On travaillait 48 heures par semaine, du lundi au samedi et il nous arrivait souvent de travailler le dimanche matin. On ne pouvait pas ralentir la cuisson. Il m’est même arrivé de travailler les nuits de Noël.

L’usine n’arrêtait jamais. Le patron accordait ou n’accordait pas les congés. Quinze jours de suite, c’était rare ! On les avait en plusieurs fois. Maintenant, tout est électrique ou au gaz ; mais avant, il fallait trois ou quatre jours de préchauffage. On s’arrêtait parfois pour changer les moules car on travaillait avec des moules de plâtre de 40 à 45 kg qui s’usaient et cassaient. Les moules que l’on changeait étaient cassés au marteau et au burin puis coulés à nouveau pour une prochaine utilisation.

Arrière de l’usine Huguenot

- Quelle était la réglementation de l’usine  ?

Il fallait arriver à l’heure, être assidu, faire attention aux accidents. Autrefois, il y avait plus d’accidents que maintenant, mais ils n’étaient pas graves. Ces vingt dernières années, j’ai vu moins d’accidents, mais ils étaient plus graves : trois morts, pieds, mains, doigts coupés…

- Comment étaient les fours  ?

L’extérieur des fours était en briques 5 x 11 x 22. L’intérieur des fours était en briques réfractaires 5 x 11 x 22 car elles gardent la chaleur et se détériorent moins facilement.

- Comment les tuiles étaient-elles transportées lorsqu’elles étaient vendues  ?

Ancien camion Huguenot

Elles étaient transportées par camions, par trains et par péniches. Les camions venaient les chercher directement à l’usine. Lorsqu’elles étaient transportées par chemin de fer, un tracteur venait avec une remorque. On chargeait tout à la main sur la remorque, puis on remplissait les wagons de marchandises à la main. Ce mode de transport posait un problème car, lorsqu’on accrochait les wagons, cela provoquait une bonne secousse et les tuiles pouvaient se fêler.

Chargement d’une remorque

Pour le transport fluvial, les tuiles étaient également transportées au port de chargement dans une remorque. Les plus gros bateaux, des péniches de 43 mètres de long, pouvaient transporter 90 000 tuiles, soit 270 tonnes de chargement. On descendait une palette au milieu du bateau et les hommes faisaient la chaîne pour les emmener au fond du bateau.

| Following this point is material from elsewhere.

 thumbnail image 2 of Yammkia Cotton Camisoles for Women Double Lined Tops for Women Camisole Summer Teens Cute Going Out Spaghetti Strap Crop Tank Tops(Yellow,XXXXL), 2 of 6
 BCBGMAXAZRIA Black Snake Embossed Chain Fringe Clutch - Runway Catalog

Chargement de briques et de tuiles sur les péniches avant 1914

 

La fabrication d’accessoires

Ils étaient fabriqués par des presses appelées presses à friction. Ces presses étaient munies de deux moules de bas et un moule de haut coulés avec du plâtre comme ceux des tuiles. On tournait la partie des deux moules de bas à la main. Ayant mis une galette de terre entre les deux moules, haut et bas, le moule de bas montait avec la galette sur le moule de haut. Ensuite ce moule descendait et l’accessoire était formé. Après, il fallait retourner ce moule pour décoller la pièce à l’aide d’un gabarit appelé châssis, et ébavurer à la main. Ensuite, les accessoires étaient entreposés sur des wagons qui, chargés, étaient envoyés dans le séchoir avec les autres produits, tuiles et briques. A la fin du séchage, ils étaient enfournés.

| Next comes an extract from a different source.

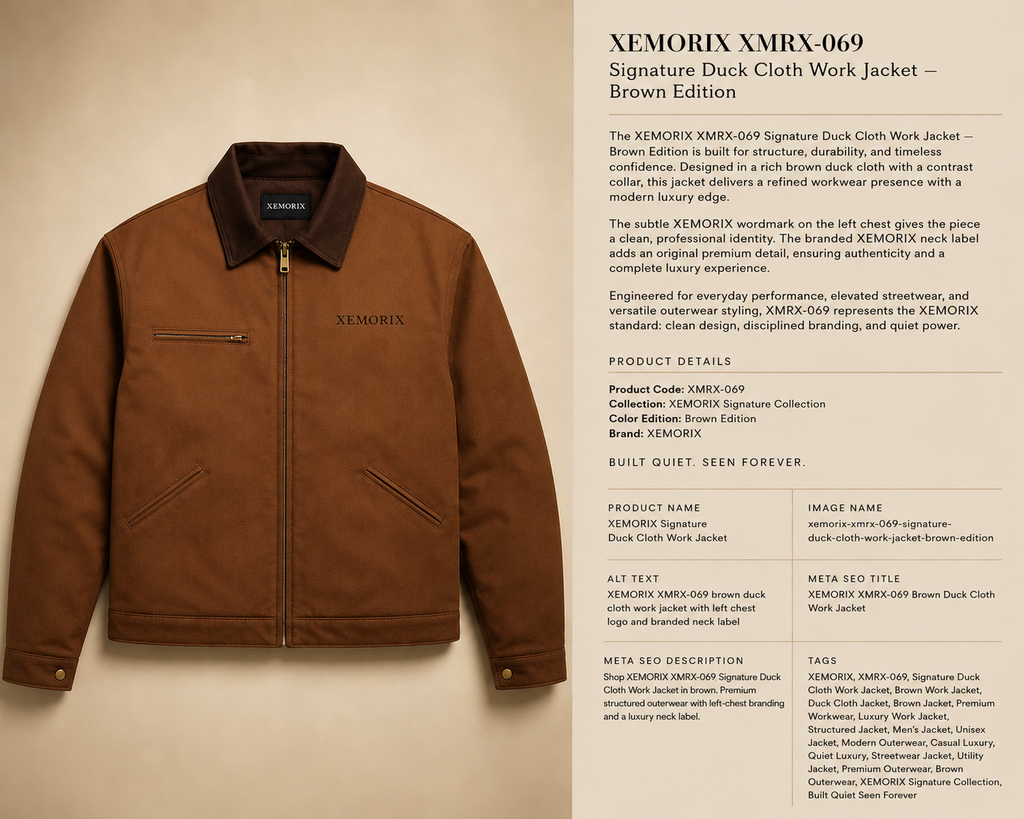 XEMORIX XMRX-069 Signature Duck Cloth Work Jacket — Brown Edition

Il y avait plusieurs sortes d’accessoires : faîtières losangées, ½ rondes, arêtiers, tuiles à douille, lanternes, frontons, abouts de rives de faîtières, d’arêtiers, ½ tuiles panne et H14, écussons, chatières pour l’aération de la charpente, mitres, porte-poinçons, enfin tout ce qui pouvait mettre en valeur un toit rouge ou émaillé de certaines couleurs.

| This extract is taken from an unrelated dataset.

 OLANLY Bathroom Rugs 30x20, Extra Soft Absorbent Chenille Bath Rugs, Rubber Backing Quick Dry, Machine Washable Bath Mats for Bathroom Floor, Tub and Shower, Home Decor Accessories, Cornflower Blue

Avant, on fabriquait des hourdis et aussi des boisseaux pour les drainages ainsi que des petits et gros drains de 50 centimètres de long.

 

La fabrication des briques

Les briques étaient fabriquées par une petite mouleuse avec un malaxeur qui, par pression de la terre, sortait par une filière correspondant au produit à fabriquer, c’est-à-dire la forme de la brique. Il y avait plusieurs sortes de briques : 15/20 et 11/16 pour les murs, 5/16 appelée plâtrière et 5/8/11/20 appelée 4/8 qui servaient à faire les murs, mais aussi les cheminées couvertes avec une mitre et une lanterne. A part les 4/8, le reste des briques était coupé en longueurs de 40 centimètres.